AN-013: Precision@k audit — temporal holdout vs in-sample

Intuition (plain-language)

In-sample precision is inflated because the screen has already seen the data it is graded on. Under an honest train-on-past, test-on-future split, precision@500 falls from 0.132 to 0.070 (53% retained) and lift from 11.5× to 6.1×. The honest operational number is about half the headline — and the paper reports both columns side by side, resting its claims on the lower one. Roughly half the in-sample ranking power came from cases already under investigation when the data were generated.

Question

What are the temporal-holdout precision@k and lift metrics, and how much does the in-sample evaluation inflate operational numbers? The audit documents the gap honestly.

Design

  • Sample: 16,843 always-losers in BEC 2009–2019.
  • Split: train 2009–2016, test 2017–2019.
  • Metrics: precision@k, recall@k, lift in both columns (in-sample, temporal holdout); retention = (temporal / in-sample).

Results

k precision@k (in-sample) precision@k (temporal holdout) retention lift (in-sample) lift (TH)
50 0.300 0.020 7% 26.2× 1.7×
100 0.170 0.070 41% 14.8× 6.1×
200 0.160 0.076 48% 14.0× 6.6×
500 0.132 0.070 53% 11.5× 6.1×
1000 0.097 0.066 68% 8.5× 5.8×

Recall@k (temporal holdout): @500 = 18.1%; @1000 = 34.2%.

Macros: \valPrecInSFivehu (0.132), \valPrecTHFivehu (0.070), \valLiftInSFivehu (11.5×), \valLiftTHFivehu (6.1×), \valOpRetentionFiveHund (53%), \valOpInflationShare (47%), \valOpRecallFiveHund (18%), \valOpRecallThou (34%).

AN-013 precision@k — in-sample vs temporal holdout

Figure: precision@k under in-sample evaluation (navy) vs temporal- holdout evaluation (red), k = 50 to 1,000. The gap is largest at k=50 (0.300 vs 0.020) and narrows at high k. At k=500, in-sample is 0.132 and temporal-holdout is 0.070 — retention 53%, the operational calibration number.

Interpretation

Verdict: INFLATED in-sample. Operational deployment metrics are roughly half the in-sample upper bounds:

  • precision@500 retains 53% under temporal holdout (0.070 vs 0.132);
  • lift retains 53% (6.1× vs 11.5×);
  • recall@500 is 18% (vs ~34% in-sample at the same k).
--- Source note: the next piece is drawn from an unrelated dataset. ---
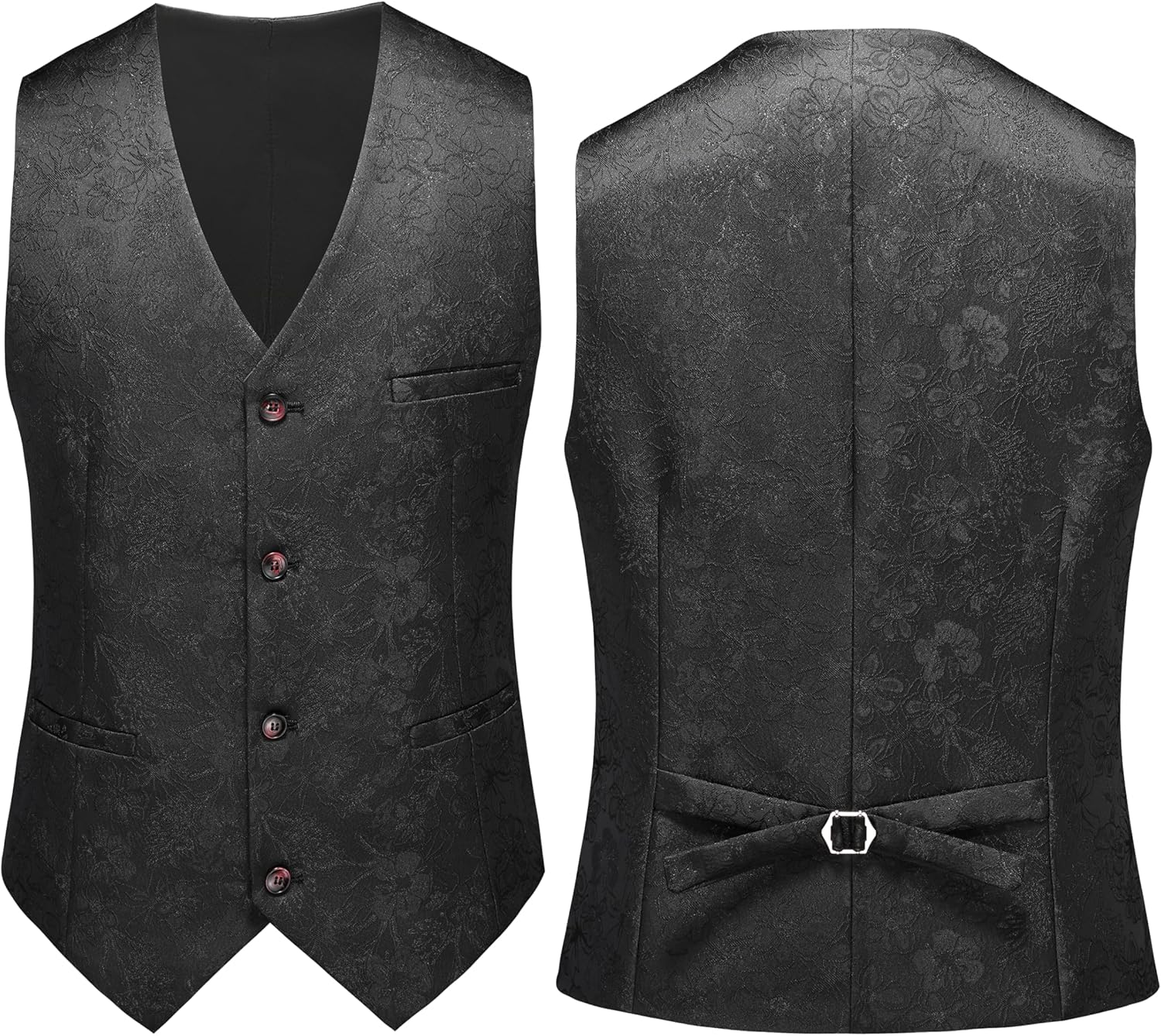 MOGU Mens 3 Piece Floral Print Dress Suit Slim Fit Jacquard Tuxedo Wedding Party Dinner - Image 3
Source of inflation: ~47% of the top-500 ranking comes from 2017–2019 participation, after CADE investigation was already underway for some of the cartels. The screen is therefore half prospective, half retrospective in the in-sample regime.

The paper reports both columns in the operational metrics table; the text relies on the temporal-holdout column for the operational claim. AUC firm-level under temporal holdout (0.864, see AN-014) is the honest discriminating performance number.

Follow-ups

  • Compare with strict prospective-only deployment under alternative train windows (AN-006).
  • Headcount analysis at k = 500 cutoff (35 cobidders flagged operationally).
  • Sensitivity to k under each evaluation regime.